Israel’s current political crisis exemplifies the maxim that hard cases make bad law. This case is desperate. Six months after the coronavirus erupted and nine months after the fiscal year began, Israel still lacks both a functioning contact-tracing system and an approved 2020 budget, mainly because Prime Minister Benjamin Netanyahu is more worried about politics than the domestic problems that Israel now confronts. The government’s failure to perform these basic tasks obviously invites the conclusion that civil servants’ far-reaching powers must not only be preserved, but perhaps even increased.

This would be the wrong conclusion. Bureaucrats, especially when they have great power, are vulnerable to the same ills as elected politicians. But unlike politicians, they are completely unaccountable to the public.

That doesn’t mean Haviv Rettig Gur is wrong to deem them indispensable. They provide institutional memory, flesh out elected officials’ policies, and supply information the politicians may not know and options they may not have considered. Yet the current crisis shows in several ways why they neither can nor should substitute for elected politicians.

First, bureaucrats are no less prone to poor judgment than politicians. As evidence, consider Siegal Sadetzki, part of the Netanyahu-led triumvirate that ran Israel’s initial response to the coronavirus. It’s unsurprising that Gur never mentioned Sadetzki even as he lauded the triumvirate’s third member, former Health Ministry Director General Moshe Bar Siman-Tov; she and her fellow Health Ministry staffers are a major reason why Israel still lacks a functional test-and-trace system.

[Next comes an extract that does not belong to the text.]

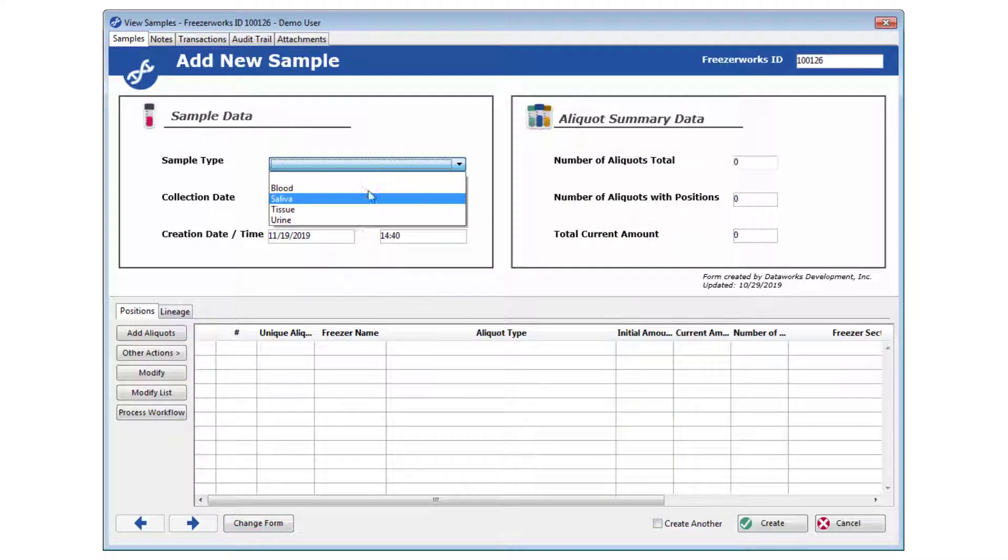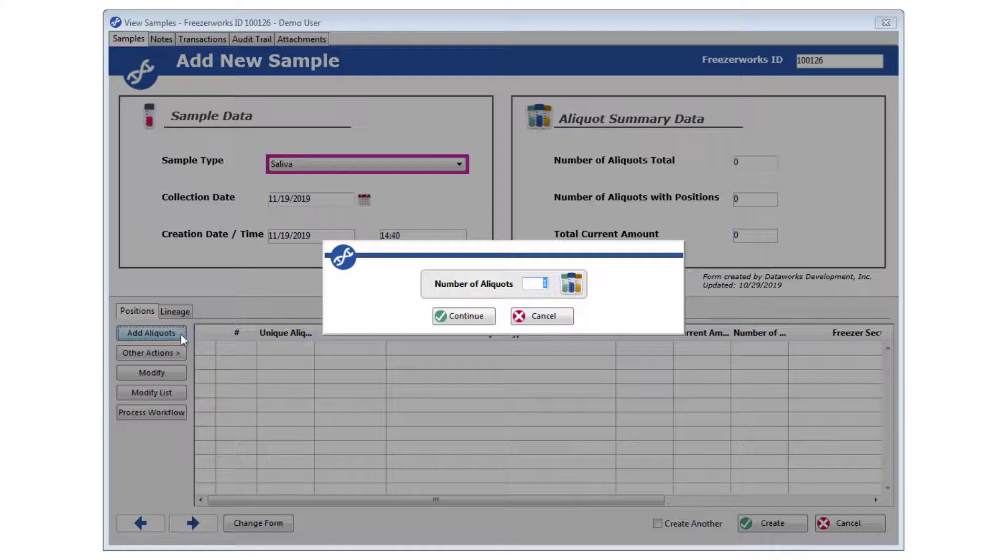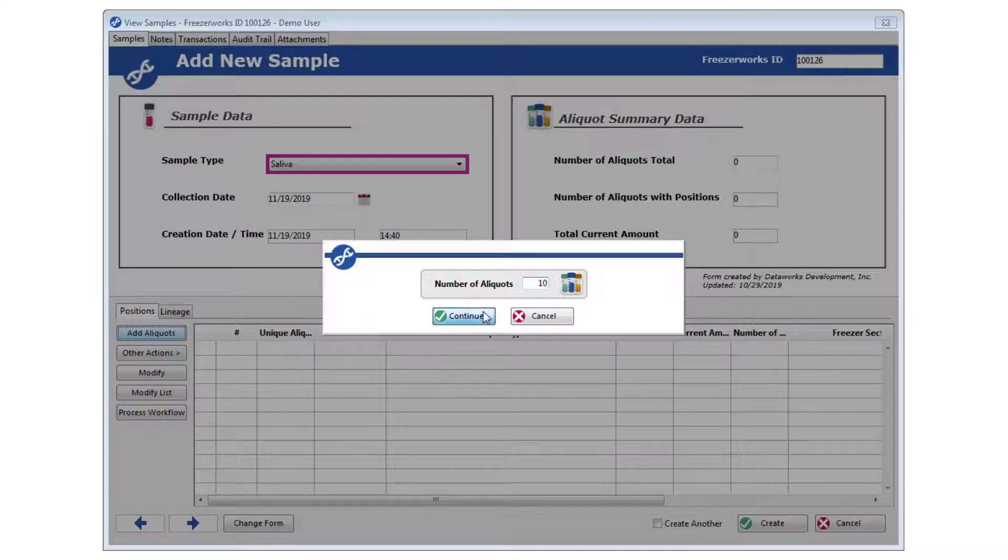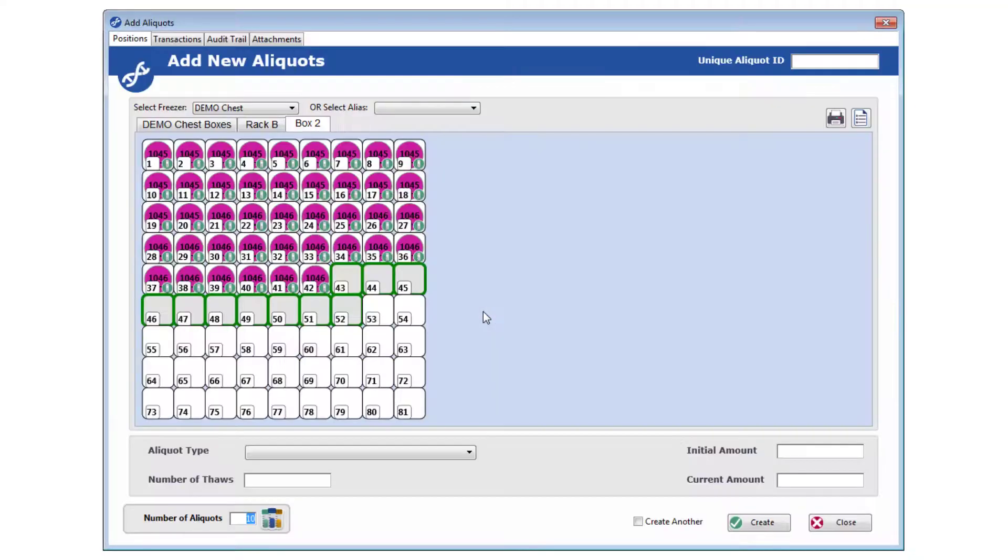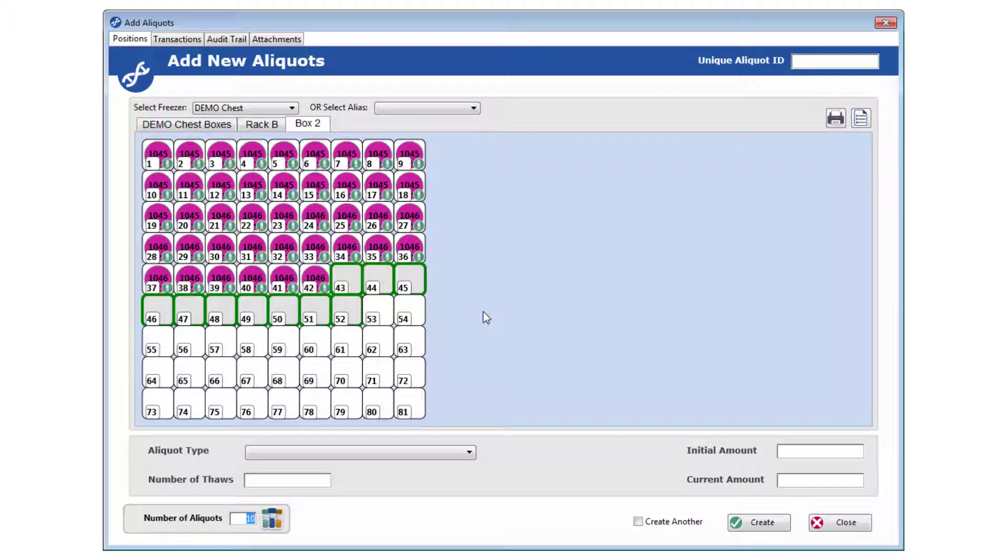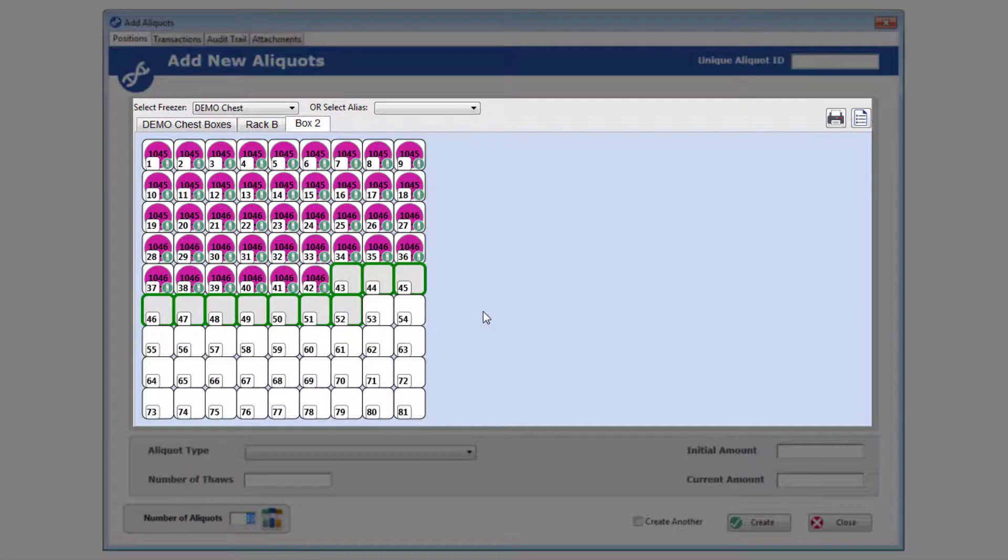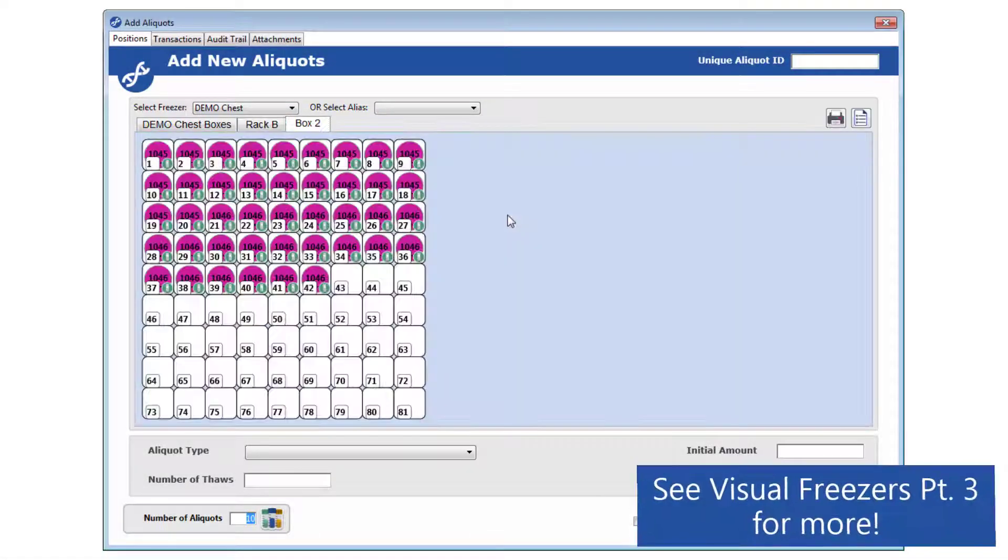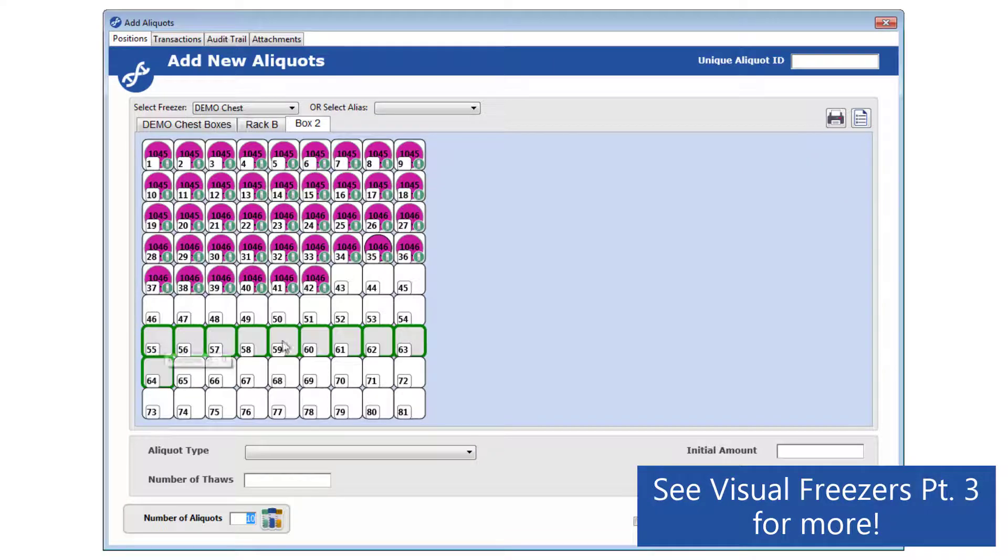Go ahead and enter data if you'd like, and click Add Aliquots, tell the system how many aliquots you want to create, and click Continue. The bulk of this particular aliquots entry form is taken up by the Visual Freezer graphic, where you can find a position to begin assigning all of your aliquots. Part 3 of our Visual Freezer series goes over this process in detail.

Sadetzki, an epidemiologist, was the ministry’s director of public-health services and the only member of the triumvirate with professional expertise in epidemics (Bar Siman-Tov is an economist). As such, her input was crucial. Yet she adamantly opposed expanding virus testing, even publicly asserting that “Too much testing will increase complacence.” She opposed letting organizations outside the public-health system do lab work for coronavirus tests, even though the system was overwhelmed. She opposed sewage monitoring to track the spread of the virus. And on, and on.

Moreover, even after acknowledging that test-and-trace was necessary, ministry bureaucrats insisted for months that their ministry do the tracing despite its glaringly inadequate manpower. Only in August was the job finally given to the army, which does have the requisite personnel. And the system still isn’t fully operational.